◆ Given information:

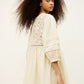 Light Gray שמלת מיני סרוגה לנשים Sonia BA&SH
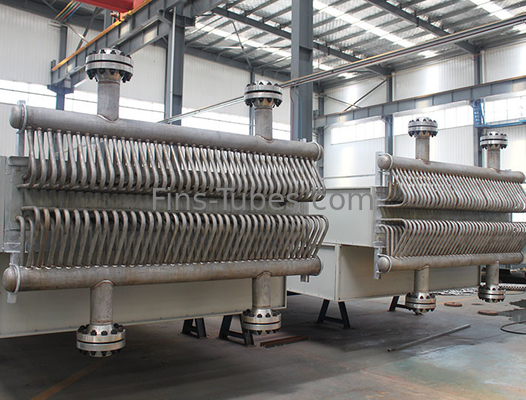 Mua Công nghiệp làm mát không khí làm mát trao đổi nhiệt Vàng ống vật liệu Lowered loại vây online manufacture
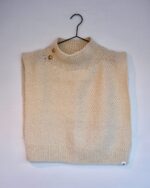 DK Cream Cotswold Sweater Vest - Image 3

◆ To do: Could the data above be repeated exactly, with every picture dropped?

◆ Solution for this problem:
 Light Gray שמלת מיני סרוגה לנשים Sonia BA&SH
 Mua Công nghiệp làm mát không khí làm mát trao đổi nhiệt Vàng ống vật liệu Lowered loại vây online manufacture
 DK Cream Cotswold Sweater Vest - Image 3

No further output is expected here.